• _What is expected_: Repeat every entry exactly. Do not include the pictures.

□ □ □

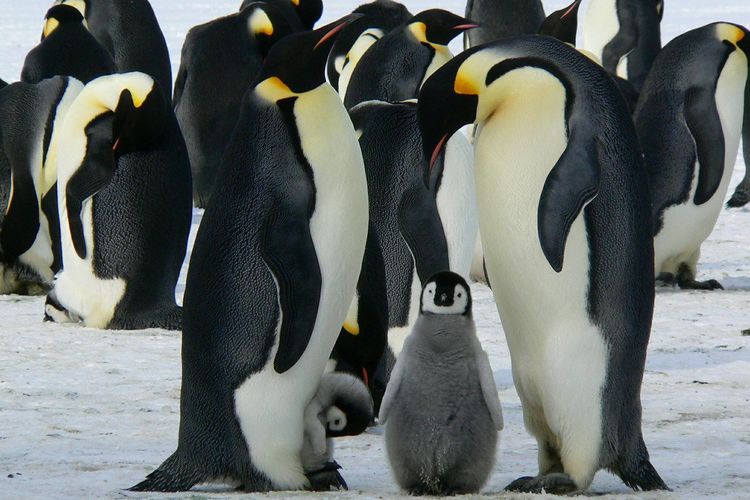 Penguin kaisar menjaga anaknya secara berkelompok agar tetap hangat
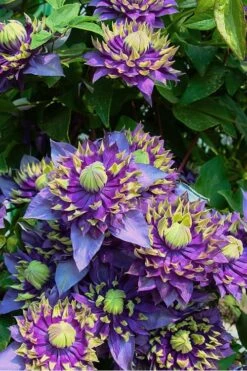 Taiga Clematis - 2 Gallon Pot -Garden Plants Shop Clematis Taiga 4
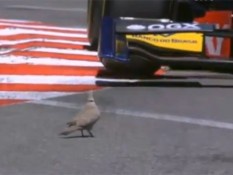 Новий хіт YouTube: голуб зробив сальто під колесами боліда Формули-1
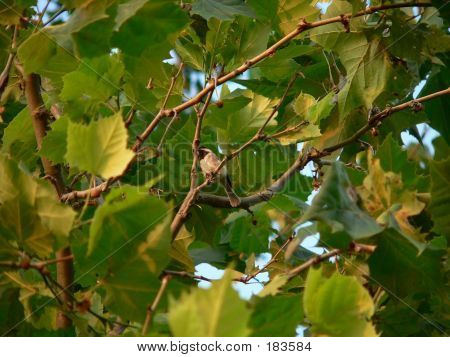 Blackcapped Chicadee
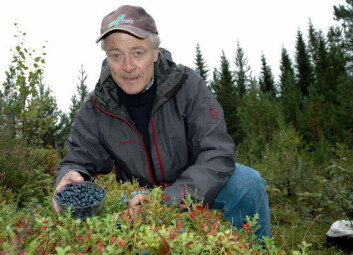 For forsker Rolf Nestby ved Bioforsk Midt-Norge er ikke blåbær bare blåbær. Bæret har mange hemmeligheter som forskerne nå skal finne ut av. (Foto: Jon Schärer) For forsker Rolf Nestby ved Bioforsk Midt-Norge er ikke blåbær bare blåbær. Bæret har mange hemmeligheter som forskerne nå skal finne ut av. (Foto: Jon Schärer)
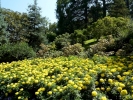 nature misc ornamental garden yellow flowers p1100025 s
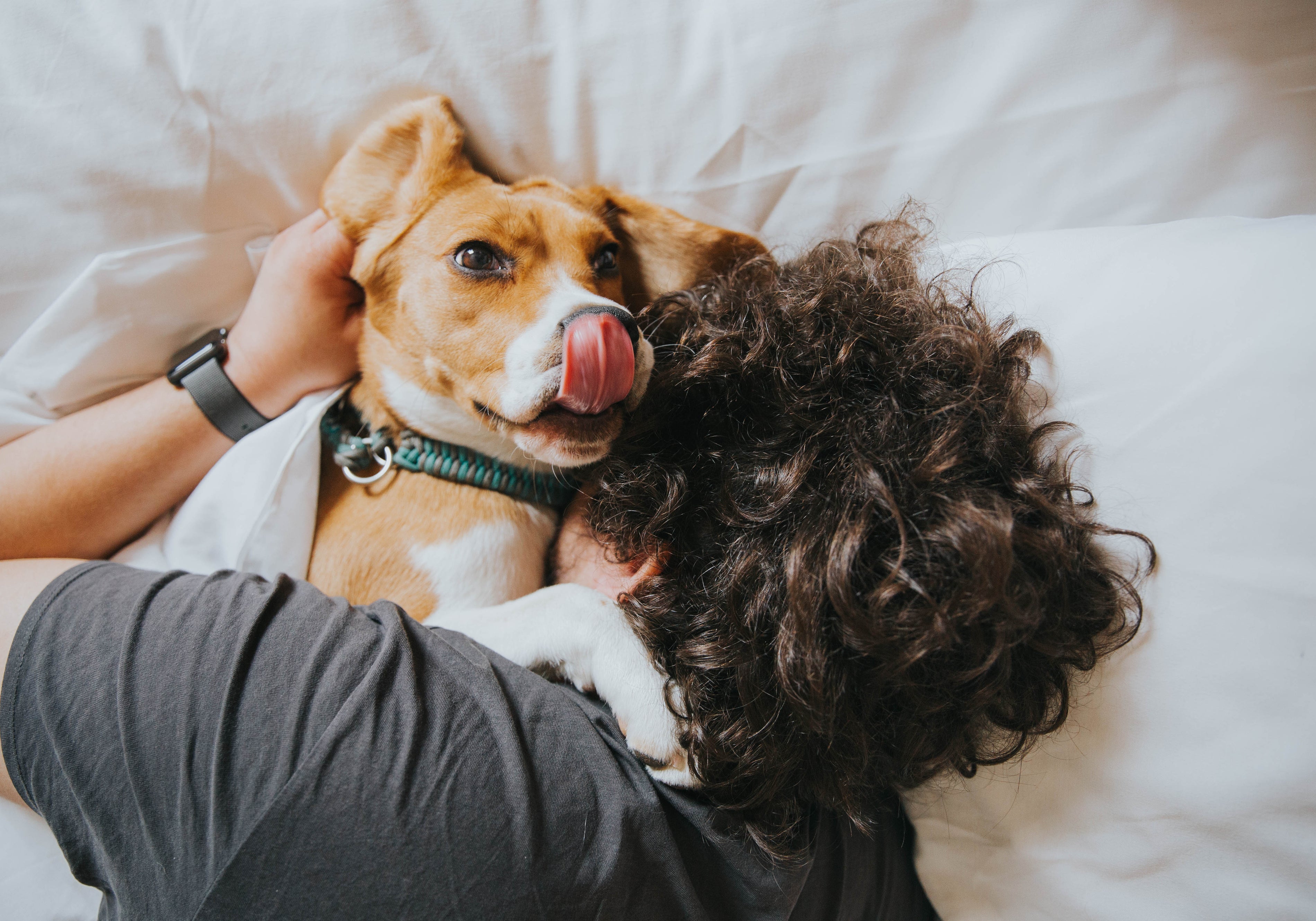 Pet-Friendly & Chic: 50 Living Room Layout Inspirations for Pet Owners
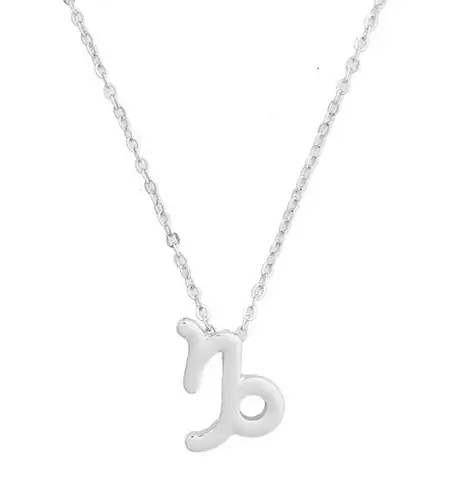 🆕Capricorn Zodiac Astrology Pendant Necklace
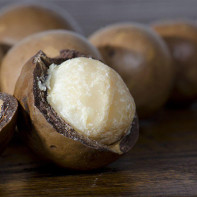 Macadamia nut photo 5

□ □ □

• _Answer section_:
 Penguin kaisar menjaga anaknya secara berkelompok agar tetap hangat
 Taiga Clematis - 2 Gallon Pot -Garden Plants Shop Clematis Taiga 4
 Новий хіт YouTube: голуб зробив сальто під колесами боліда Формули-1
 Blackcapped Chicadee
 For forsker Rolf Nestby ved Bioforsk Midt-Norge er ikke blåbær bare blåbær. Bæret har mange hemmeligheter som forskerne nå skal finne ut av. (Foto: Jon Schärer) For forsker Rolf Nestby ved Bioforsk Midt-Norge er ikke blåbær bare blåbær. Bæret har mange hemmeligheter som forskerne nå skal finne ut av. (Foto: Jon Schärer)
 nature misc ornamental garden yellow flowers p1100025 s
 Pet-Friendly & Chic: 50 Living Room Layout Inspirations for Pet Owners
 🆕Capricorn Zodiac Astrology Pendant Necklace
 Macadamia nut photo 5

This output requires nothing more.